You can use GoGettr as a Python module. For example, here's how you would pull all a user's posts:

```python
from gogettr import PublicClient
client = PublicClient()
posts = client.user_activity(username="support", type="posts")
```

For more examples of using GoGettr as a module, check out the [tests directory](tests/). Note that the API surface can't be considered quite stable yet. In the case that Gettr changes their API, GoGettr's API may change to match (though with as few public-facing API changes as possible, however).

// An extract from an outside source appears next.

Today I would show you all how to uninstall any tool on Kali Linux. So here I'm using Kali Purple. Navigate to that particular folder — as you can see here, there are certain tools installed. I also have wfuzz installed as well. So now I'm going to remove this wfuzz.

GoGettr groups related API functionality into the same capabilities; for example, pulling users' comments, posts, and likes is all done by the same function (inside `user_activity.py`), and pulling followers and following is done by the same function (inside `user_relationships.py`). That means there isn't perfect correspondence between the CLI surface and the API surface.

## Development

To run gogettr in a development environment, you'll need [Poetry](https://python-poetry.org). Install the dependencies by running `poetry install`, and then you're all set to work on gogettr locally.

To run the tests, run `poetry run pytest`.

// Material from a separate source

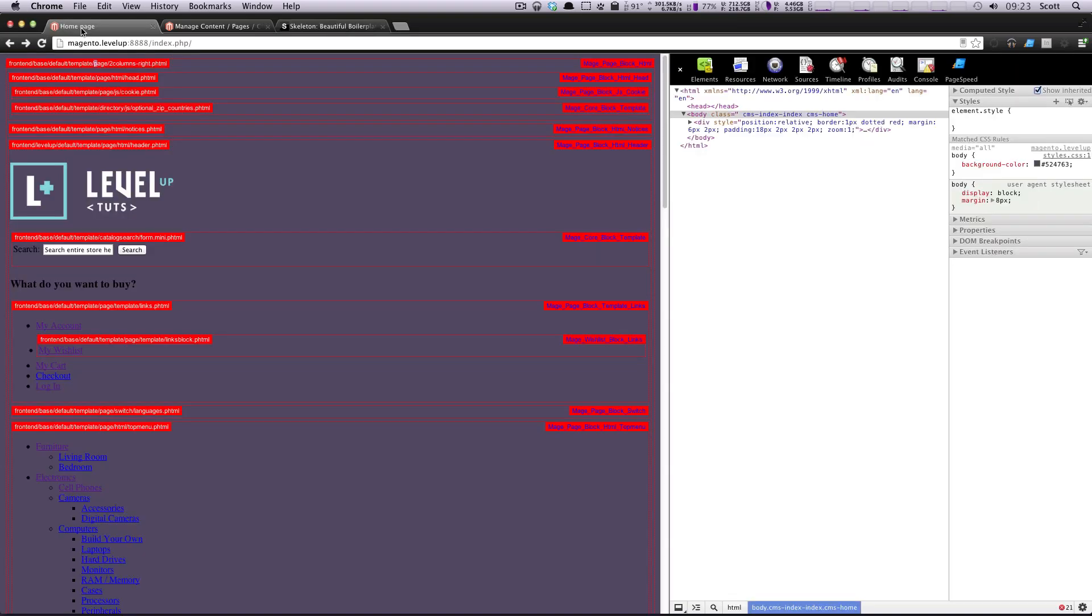Hey, what's up? This is Scott with Level Up Tuts, and today I'm going to be showing you how to add a CSS grid to your Magento site so that we can get the layout of our site start to take shape.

To access the CLI, run `poetry run gogettr`.

To package and release a new version on PyPI, simply create a new release tag on GitHub.

## Contributing

Contributions are encouraged! For small bug fixes and minor improvements, feel free to just open a PR. For larger changes, please open an issue first so that other contributors can discuss your plan, avoid duplicated work, and ensure it aligns with the goals of the project. Be sure to also follow the [code of conduct](CODE_OF_CONDUCT.md). Thanks!

## Logging

When run in CLI mode, GoGettr will log extensive debug information to `gogettr.log` (in the working directory). This log will include every single request GoGettr makes, and every single response GoGettr receives. Because it's possible that GoGettr accidentally loses some information when parsing API responses, consider keeping this file around just in case.

## Wishlist

Support for the following capabilities is planned:

- ...nothing right now! (Got an idea? Submit an issue/PR!)